A multi-centred study was carried out on Merck KGaA's cilengitide, a type of angiogenesis inhibitor that targets integrins, ie receptors on the surface of cells that play a number of roles, including defining cellular shape, mobility and regulating the cell cycle. In preclinical trials, blocking the action of integrin inhibits the angiogenesis process, ie the growth of the new blood vessels that a tumour needs to survive and grow. This action has made them an attractive target for potential drug therapy. However they have not proved as successful in human clinical trials as had been hoped, and it was this anomaly that the study hoped to address. 

The study showed that cilengitide can act to promote cell growth and blood vessel formation instead of blocking it. This is because the angiogenesis changes the way that integrin and VEGF receptors move inside blood vessels. It was suggested that this could be a previously unknown characteristic of drugs similar to cilengitide.
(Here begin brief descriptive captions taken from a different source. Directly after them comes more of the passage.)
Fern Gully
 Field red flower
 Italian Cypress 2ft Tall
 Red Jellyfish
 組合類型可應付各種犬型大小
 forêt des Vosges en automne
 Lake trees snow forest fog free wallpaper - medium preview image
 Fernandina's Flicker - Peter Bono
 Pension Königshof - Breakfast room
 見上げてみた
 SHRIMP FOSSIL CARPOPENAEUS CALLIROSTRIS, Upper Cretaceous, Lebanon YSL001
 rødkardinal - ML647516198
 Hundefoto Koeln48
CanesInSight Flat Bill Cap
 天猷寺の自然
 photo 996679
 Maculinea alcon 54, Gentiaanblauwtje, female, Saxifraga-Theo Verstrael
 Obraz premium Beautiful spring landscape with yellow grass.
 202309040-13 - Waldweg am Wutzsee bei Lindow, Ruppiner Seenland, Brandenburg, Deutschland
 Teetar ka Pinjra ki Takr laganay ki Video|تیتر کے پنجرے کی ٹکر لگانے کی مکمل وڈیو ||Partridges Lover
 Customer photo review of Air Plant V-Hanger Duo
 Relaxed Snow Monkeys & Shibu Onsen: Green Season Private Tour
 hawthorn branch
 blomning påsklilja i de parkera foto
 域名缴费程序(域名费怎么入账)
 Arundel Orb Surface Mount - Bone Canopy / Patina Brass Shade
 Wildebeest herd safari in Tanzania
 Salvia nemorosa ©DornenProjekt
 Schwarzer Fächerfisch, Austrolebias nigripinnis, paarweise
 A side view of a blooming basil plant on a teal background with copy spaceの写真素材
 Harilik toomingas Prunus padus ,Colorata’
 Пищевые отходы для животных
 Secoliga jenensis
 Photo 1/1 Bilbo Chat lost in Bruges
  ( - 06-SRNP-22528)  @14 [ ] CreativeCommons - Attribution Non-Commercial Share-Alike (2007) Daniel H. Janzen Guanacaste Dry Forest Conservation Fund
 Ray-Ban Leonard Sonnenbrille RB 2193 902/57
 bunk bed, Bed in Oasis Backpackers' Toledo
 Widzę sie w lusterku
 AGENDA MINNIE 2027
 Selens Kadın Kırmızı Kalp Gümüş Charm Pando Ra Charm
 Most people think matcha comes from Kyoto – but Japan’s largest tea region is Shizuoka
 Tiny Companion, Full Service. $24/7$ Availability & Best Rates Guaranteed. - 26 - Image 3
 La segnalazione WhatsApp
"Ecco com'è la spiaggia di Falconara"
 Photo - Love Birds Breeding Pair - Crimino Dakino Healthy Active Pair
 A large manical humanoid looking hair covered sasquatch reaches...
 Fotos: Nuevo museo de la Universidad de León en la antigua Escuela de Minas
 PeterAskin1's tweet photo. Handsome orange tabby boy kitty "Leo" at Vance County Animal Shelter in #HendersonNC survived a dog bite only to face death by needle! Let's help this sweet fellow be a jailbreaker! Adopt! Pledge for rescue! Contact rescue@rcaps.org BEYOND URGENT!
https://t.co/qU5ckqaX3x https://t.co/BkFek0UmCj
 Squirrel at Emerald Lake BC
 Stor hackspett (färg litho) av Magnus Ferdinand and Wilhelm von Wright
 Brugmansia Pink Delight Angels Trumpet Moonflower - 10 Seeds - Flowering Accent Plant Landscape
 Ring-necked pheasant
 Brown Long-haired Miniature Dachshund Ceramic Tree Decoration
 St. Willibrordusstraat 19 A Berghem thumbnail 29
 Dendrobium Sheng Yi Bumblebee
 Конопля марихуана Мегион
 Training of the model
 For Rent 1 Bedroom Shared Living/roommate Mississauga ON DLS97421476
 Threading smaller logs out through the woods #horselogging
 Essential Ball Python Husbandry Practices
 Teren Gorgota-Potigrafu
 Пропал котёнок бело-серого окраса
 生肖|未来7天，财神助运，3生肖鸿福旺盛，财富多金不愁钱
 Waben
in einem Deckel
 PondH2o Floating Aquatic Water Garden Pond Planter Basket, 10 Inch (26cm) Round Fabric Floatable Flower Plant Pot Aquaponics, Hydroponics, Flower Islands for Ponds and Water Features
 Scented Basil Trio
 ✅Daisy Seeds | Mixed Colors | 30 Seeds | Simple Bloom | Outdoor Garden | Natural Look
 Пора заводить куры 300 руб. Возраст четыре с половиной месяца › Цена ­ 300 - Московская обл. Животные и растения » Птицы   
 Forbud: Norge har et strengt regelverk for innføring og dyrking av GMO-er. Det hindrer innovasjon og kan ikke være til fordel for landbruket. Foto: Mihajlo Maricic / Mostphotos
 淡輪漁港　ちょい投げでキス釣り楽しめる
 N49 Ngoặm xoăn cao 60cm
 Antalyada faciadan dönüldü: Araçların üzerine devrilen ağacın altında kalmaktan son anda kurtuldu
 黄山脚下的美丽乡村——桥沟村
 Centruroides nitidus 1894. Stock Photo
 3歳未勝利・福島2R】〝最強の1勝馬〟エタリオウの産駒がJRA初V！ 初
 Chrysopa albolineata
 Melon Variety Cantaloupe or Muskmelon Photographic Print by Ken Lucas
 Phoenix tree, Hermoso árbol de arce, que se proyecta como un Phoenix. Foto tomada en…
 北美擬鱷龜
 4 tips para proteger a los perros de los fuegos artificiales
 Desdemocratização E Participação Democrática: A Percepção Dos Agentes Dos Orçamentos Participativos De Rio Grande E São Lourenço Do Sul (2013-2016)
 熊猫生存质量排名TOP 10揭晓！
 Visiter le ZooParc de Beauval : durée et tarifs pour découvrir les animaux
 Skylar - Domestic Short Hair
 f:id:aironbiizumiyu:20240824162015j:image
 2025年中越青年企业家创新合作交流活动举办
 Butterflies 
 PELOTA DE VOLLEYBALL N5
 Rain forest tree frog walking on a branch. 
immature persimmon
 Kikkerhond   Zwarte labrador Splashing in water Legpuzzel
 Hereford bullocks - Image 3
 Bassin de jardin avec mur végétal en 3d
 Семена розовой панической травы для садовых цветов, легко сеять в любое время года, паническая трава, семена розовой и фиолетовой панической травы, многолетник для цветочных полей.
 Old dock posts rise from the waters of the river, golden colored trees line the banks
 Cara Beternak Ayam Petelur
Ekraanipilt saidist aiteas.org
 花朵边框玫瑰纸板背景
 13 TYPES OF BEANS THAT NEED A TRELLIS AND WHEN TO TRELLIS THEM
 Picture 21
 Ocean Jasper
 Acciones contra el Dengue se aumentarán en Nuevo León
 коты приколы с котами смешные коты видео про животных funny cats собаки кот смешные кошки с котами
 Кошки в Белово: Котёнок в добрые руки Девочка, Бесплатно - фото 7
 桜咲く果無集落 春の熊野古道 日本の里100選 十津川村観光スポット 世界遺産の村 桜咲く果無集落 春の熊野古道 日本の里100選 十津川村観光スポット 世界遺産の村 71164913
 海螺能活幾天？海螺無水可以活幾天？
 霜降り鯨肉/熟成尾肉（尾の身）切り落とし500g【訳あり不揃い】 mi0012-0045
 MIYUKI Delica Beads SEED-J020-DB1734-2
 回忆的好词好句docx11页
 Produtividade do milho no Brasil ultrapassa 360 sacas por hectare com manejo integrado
Dr Lesley Walker, director of cancer information at Cancer Research UK says: "This may help to explain the mixed results previously seen in patients and turn around disappointing results so people may still benefit from the drug without the potential harm."

"Other anti-angiogenesis drugs like sunitinib (Sutent) and bevacizumab (Avastin) have proven effective enough for use in the NHS but there is still need to understand why they can sometime fail. It may be that there are similar mechanisms at work," she said.

Several other integrin inhibitors are currently in clinical trials. Cilengitide is the furthest advanced, in Phase III trials, and two monoclonal antibodies are in Phase II.

Results of the cilengitide study were published in the March 22 online issue of Nature Medicine.